E per la Chiesa, le cui messe si sono ulteriormente svuotate con la pandemia, senza contare il calo delle offerte e delle entrate, si tratta – come sempre è avvenuto in passato – di un’occasione d’oro per recuperare visibilità e consenso. Tornano dunque i grandi eventi con un calendario giubilare, diffuso dal Vaticano, che si annuncia già fittissimo: nel febbraio 2025 si terrà il giubileo delle forze armate, di polizia e di sicurezza; seguirà il giubileo degli artisti e quello dei diaconi permanenti.

A marzo sarà la volta del mondo del volontariato il 28 si svolgeranno le “24 ore per il Signore”, il 29 e 30 marzo quello dei missionari della misericordia. Ad aprile avremo il giubileo degli ammalati e del mondo della sanità; quindi confluiranno a Roma i cresimandi e quanti compiono la “professio fidei”; poi le persone con disabilità. 

All’inizio di maggio, naturalmente, avremo per 4 giorni il giubileo dei lavoratori e subito dopo, ecumenicamente, quello degli Imprenditori; arriveranno poi le bande musicali, le confraternite, quanti celebrano la prima comunione e a giugno ci sarà il grande raduno delle famiglie. E questo è solo un assaggio.

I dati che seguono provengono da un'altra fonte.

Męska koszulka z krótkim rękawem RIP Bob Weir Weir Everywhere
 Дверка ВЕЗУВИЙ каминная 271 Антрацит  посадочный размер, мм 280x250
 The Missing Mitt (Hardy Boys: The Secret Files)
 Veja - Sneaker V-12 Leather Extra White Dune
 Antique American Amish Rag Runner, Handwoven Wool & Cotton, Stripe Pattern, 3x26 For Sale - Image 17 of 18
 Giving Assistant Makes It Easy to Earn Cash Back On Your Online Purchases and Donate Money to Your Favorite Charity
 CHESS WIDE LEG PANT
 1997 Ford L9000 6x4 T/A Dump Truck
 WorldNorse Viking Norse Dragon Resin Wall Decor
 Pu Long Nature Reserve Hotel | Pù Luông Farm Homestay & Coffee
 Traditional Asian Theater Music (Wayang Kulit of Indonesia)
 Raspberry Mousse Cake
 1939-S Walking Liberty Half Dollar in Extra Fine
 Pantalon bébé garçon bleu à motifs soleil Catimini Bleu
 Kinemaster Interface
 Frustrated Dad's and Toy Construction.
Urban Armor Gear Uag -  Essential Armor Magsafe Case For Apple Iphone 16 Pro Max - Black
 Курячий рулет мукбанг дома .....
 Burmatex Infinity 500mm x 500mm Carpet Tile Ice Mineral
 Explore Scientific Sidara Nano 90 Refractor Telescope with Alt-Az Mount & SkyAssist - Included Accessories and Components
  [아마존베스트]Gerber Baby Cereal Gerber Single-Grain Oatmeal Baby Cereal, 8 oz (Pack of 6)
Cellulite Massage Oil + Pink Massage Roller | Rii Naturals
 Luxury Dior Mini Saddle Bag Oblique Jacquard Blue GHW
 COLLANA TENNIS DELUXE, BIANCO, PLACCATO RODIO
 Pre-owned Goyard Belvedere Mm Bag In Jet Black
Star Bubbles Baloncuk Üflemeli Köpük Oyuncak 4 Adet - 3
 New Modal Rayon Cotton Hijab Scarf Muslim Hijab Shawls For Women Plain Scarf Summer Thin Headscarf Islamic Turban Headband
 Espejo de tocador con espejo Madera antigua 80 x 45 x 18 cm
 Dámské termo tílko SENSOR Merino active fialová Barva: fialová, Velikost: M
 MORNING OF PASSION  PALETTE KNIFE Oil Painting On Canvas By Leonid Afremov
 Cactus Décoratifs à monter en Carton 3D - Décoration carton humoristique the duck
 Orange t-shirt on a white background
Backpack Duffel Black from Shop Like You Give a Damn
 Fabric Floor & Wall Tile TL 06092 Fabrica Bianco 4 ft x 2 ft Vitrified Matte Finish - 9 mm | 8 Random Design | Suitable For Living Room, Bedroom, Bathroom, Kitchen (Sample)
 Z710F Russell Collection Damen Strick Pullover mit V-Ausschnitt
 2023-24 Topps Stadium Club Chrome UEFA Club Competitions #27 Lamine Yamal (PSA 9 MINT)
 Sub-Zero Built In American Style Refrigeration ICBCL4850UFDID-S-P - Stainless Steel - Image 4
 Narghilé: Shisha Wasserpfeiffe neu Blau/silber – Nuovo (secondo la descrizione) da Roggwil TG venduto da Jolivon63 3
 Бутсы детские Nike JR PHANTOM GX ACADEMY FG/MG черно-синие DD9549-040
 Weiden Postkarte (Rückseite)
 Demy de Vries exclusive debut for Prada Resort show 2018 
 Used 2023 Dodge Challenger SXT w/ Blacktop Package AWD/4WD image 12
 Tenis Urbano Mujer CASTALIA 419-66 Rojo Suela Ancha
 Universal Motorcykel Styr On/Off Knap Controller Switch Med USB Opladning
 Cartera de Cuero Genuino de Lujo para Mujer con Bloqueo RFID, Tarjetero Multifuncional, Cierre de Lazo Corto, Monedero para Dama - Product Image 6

Va detto che il vero precedente, il Grande Giubileo del 2000, a parte qualche cattedrale nel deserto, riuscì bene nel suo insieme, ma non c’era ancora stato l’attentato delle Torri gemelle né la terribile battaglia del G8 di Genova, la bella époque della globalizzazione, insomma, era al suo culmine.

La Cei in crisi

Per la Cei sarà quello il momento per recuperare una centralità anche organizzativa dopo un pontificato che ha visto svilupparsi un freddo crescente fra la Santa Sede e i vescovi della penisola, per molte ragioni in effetti non è mai nato un buon rapporto fra papa Francesco e l’episcopato del Belpaese.

Zuppi, inoltre, sempre in materia economica, dovrà fare i conti con una coperta che comincia a essere sempre più stretta. La stessa Cei, infatti, prevedeva qualche tempo fa che le risorse provenienti dall’otto per mille sarebbero calate di 300 milioni fra 2021 e 2024, e l’andamento attuale sembra confermare questa tendenza.

Il che comporta per molte diocesi stringere la cinghia, razionalizzare le spese, gestire al meglio il patrimonio immobiliare e ridurre l’esposizione con le banche. Per altro, sempre secondo statistiche della Cei, alcuni picchi negativi nelle firme in favore della chiesa per l ‘otto per mille, si sono avuti in concomitanza con l’esplosione di vari scandali: i due “vatileaks” e poi lo scandalo pedofilia intorno al 2010, ma il calo maggiore si è registrato in concomitanza con il caso di Piergiorgio Welby (cui il card. Ruini negò i funerali in Chiesa).

Chissà se, visti questi i precedenti, la Cei si sia orientata a una politica di trasparenza sugli abusi sessuali che guarda soprattutto al futuro cercando di non scoperchiare più di tanto quanto avvenuto in passato.